**Dataset excerpts:**
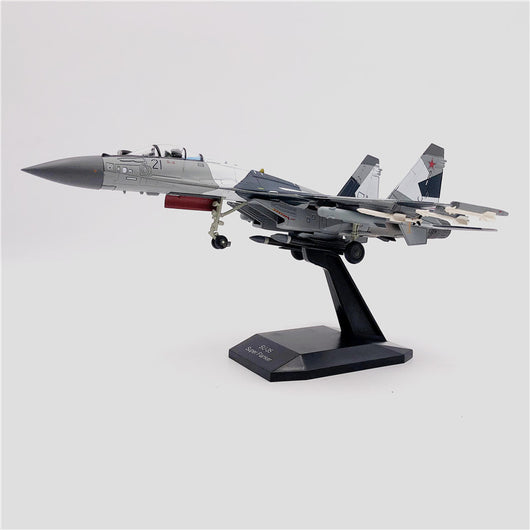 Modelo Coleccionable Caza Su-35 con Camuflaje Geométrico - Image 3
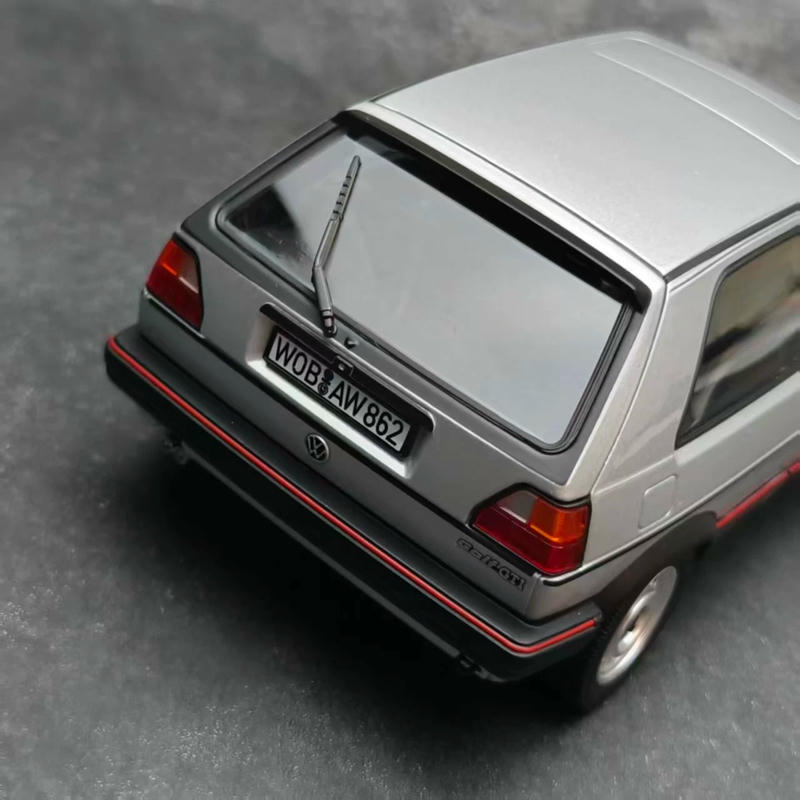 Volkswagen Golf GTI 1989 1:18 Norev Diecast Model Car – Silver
---
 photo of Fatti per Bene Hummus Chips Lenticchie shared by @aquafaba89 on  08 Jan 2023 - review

**Try it:**
An exact copy is needed. It runs from the line above containing "Modelo Coleccionable Caza" down to the line containing "Volkswagen Golf GTI", both included, with no pictures.

**Solution for this exercise:**
 Modelo Coleccionable Caza Su-35 con Camuflaje Geométrico - Image 3
 Volkswagen Golf GTI 1989 1:18 Norev Diecast Model Car – Silver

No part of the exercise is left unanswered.